===== Extracted information =====
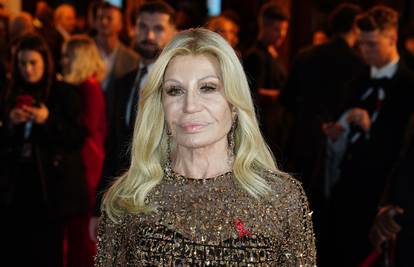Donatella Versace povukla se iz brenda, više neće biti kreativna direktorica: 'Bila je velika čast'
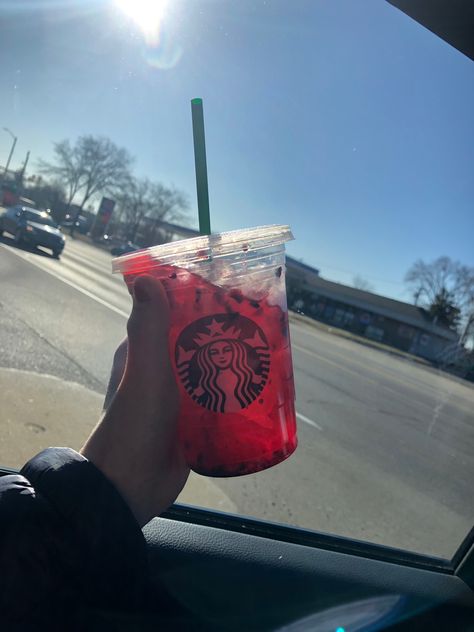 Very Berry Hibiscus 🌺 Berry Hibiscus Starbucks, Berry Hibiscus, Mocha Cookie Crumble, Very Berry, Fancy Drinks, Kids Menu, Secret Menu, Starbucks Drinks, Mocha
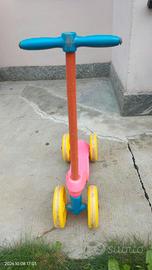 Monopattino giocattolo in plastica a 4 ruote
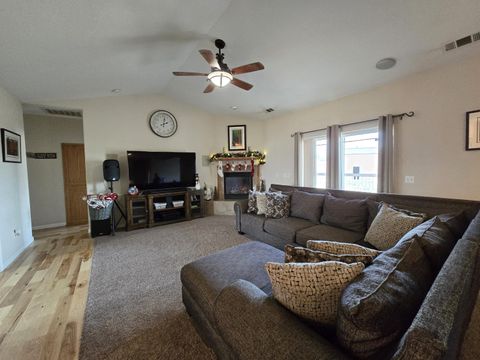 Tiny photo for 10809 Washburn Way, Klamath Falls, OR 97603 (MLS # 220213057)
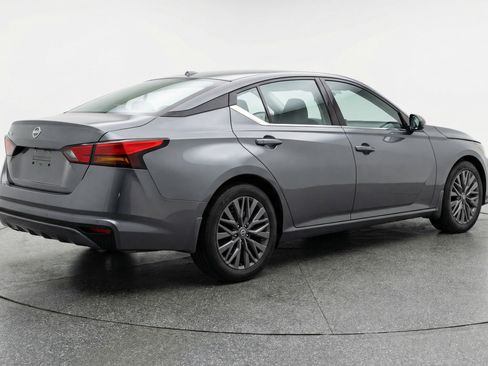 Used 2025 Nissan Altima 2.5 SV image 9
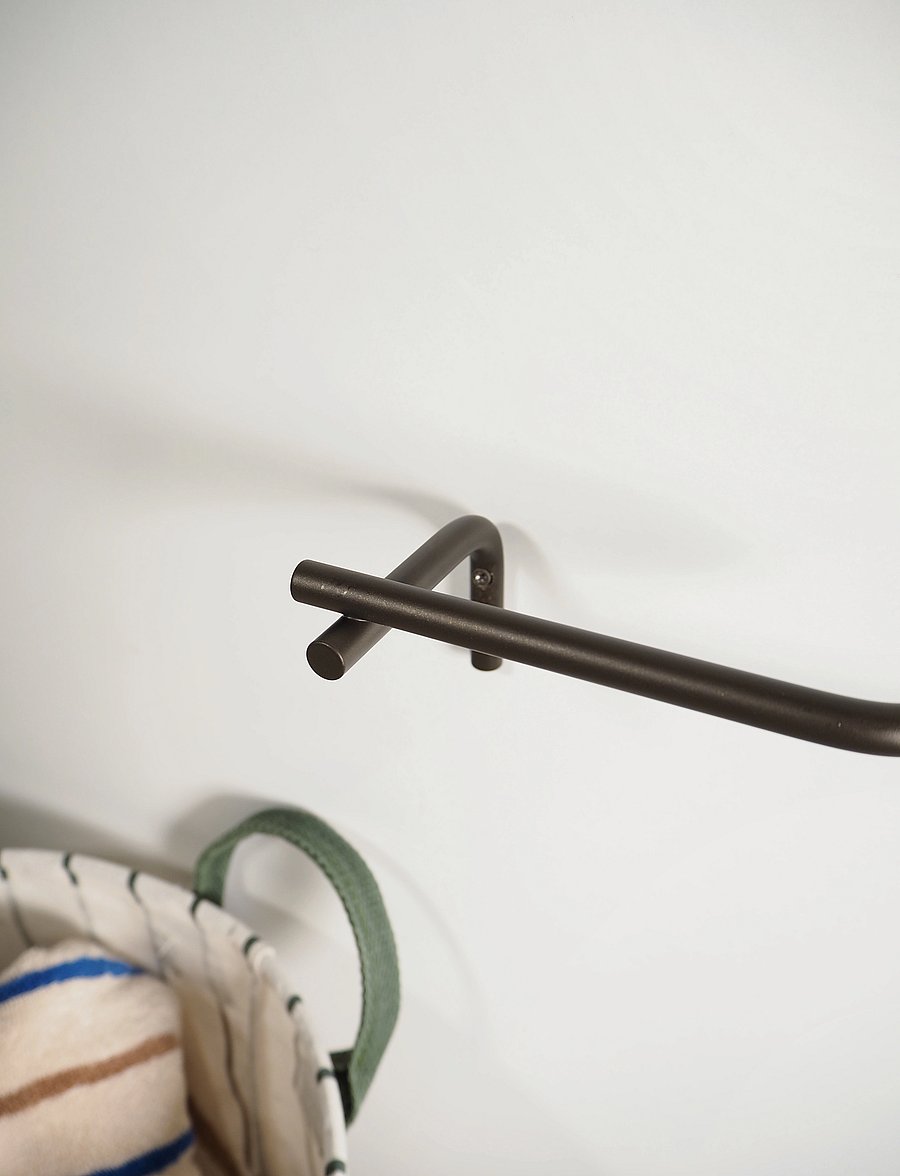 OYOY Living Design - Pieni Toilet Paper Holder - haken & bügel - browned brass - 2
=====
■ Exercise directions
Once more, please print all the lines above exactly, without their pictures.

■ Output for this exercise
Donatella Versace povukla se iz brenda, više neće biti kreativna direktorica: 'Bila je velika čast'
 Very Berry Hibiscus 🌺 Berry Hibiscus Starbucks, Berry Hibiscus, Mocha Cookie Crumble, Very Berry, Fancy Drinks, Kids Menu, Secret Menu, Starbucks Drinks, Mocha
 Monopattino giocattolo in plastica a 4 ruote
 Tiny photo for 10809 Washburn Way, Klamath Falls, OR 97603 (MLS # 220213057)
 Used 2025 Nissan Altima 2.5 SV image 9
 OYOY Living Design - Pieni Toilet Paper Holder - haken & bügel - browned brass - 2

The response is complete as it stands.